「中学生の時、テレビでこの高校のことを知り、将来は作り手になりたいと思い、高校に入りました」。
日本で唯一の私立農業高校、「愛農高校」の養豚部部長、3年生になる彼はそう言って、はにかんだ。
彼は、今後鹿児島の大学で畜産を学び、養豚の道に進む予定だいう。
全校生徒60名は、遠く家からはなれて寮に住み、学問と農業を学ぶ。
恋愛禁止、携帯スマホ禁止、テレビも見ることもままにしかならず、PCも教室にしかない。
校庭は草だらけだが、ラグビーもバレーの部活もやる。
彼らは全国から希望して、この学校にやってきた。韓国からの留学生もいる。
生徒たちと昼食を共にしたが、世の中の高校生と明らかに違っていることがあった。
男の子も女の子も、姿勢の悪い子がいないのである。
もちろん、太っている子もいない。
そして笑顔にウソがない。
毎朝6:50分に起床して、土を耕し、雑草を摘み、搾乳をし、卵をとり、収穫をし、豚舎や牛舎、鶏舎の掃除をし、屠畜もする。
情報や世俗に汚されず、他の命を絶って、自分たちが生かされている意味を、日々考えている。
部長の彼がシェフに尋ねた。「アンケートを送ってもいいですか? 僕たちの豚が他とどういう風に違うのか、餌を変えたら味がどういう風に変わるのか、お客さんはどういう風に喜んでもらえるのか、知りたいんです」そう言って、18歳の彼は、眼鏡の奥の細い目を輝かせた。

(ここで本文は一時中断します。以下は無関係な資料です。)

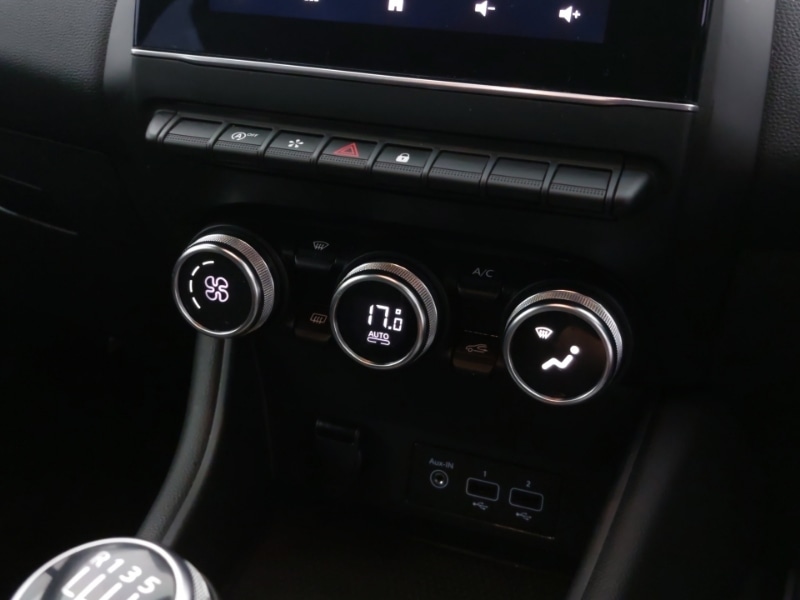 Used Renault Captur 2020 for sale - 76621732: Photo 15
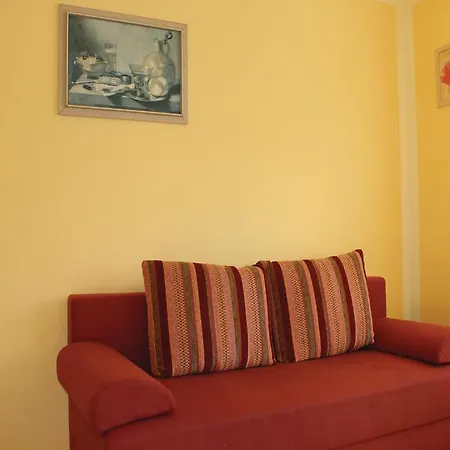 Three-bedroom Holiday In Nyaraló Lichte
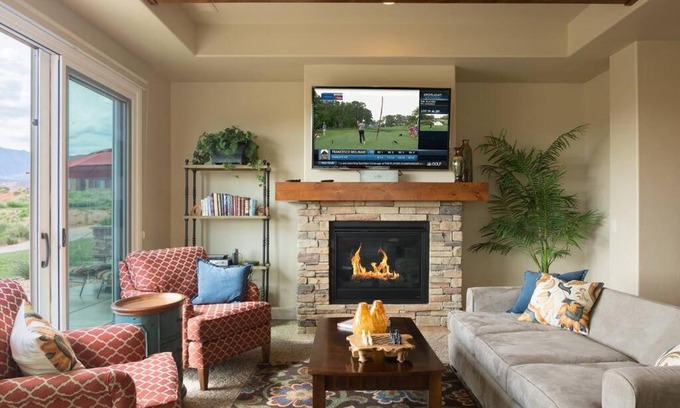 Washington House | Sun-e-Scape- Relax in the Desert! Large Wrap Around Patio! Relax & Enjoy!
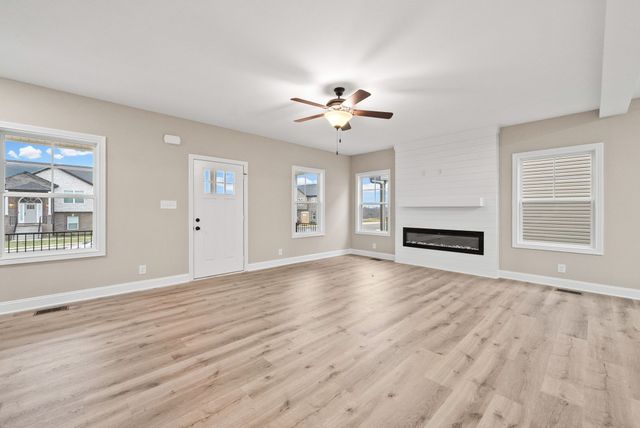 348 Hereford Farms, Clarksville, TN 37043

賢い豚たちは知っているのだ。自分たちがどれだけ愛されているかを。
だから全国のブランド豚肉よりも、おいしい豚肉が生まれるのである。
たった数時間いただけで、こんなことを書くのはおこがましいのはわかっている。だが、この学校に踏み入れた途端、澄んだ空気が自分を刺した。
山奥の澄んだ空気ではない。
人々と動物が無理なく暮らす、純粋な気配が生み出す澄んだ空気が、自分を戒めた。
「神の愛を忘れた良心は麻痺し、土を離れた精神は枯死する」。
愛農高校 建学の精神にある、冒頭の言葉である。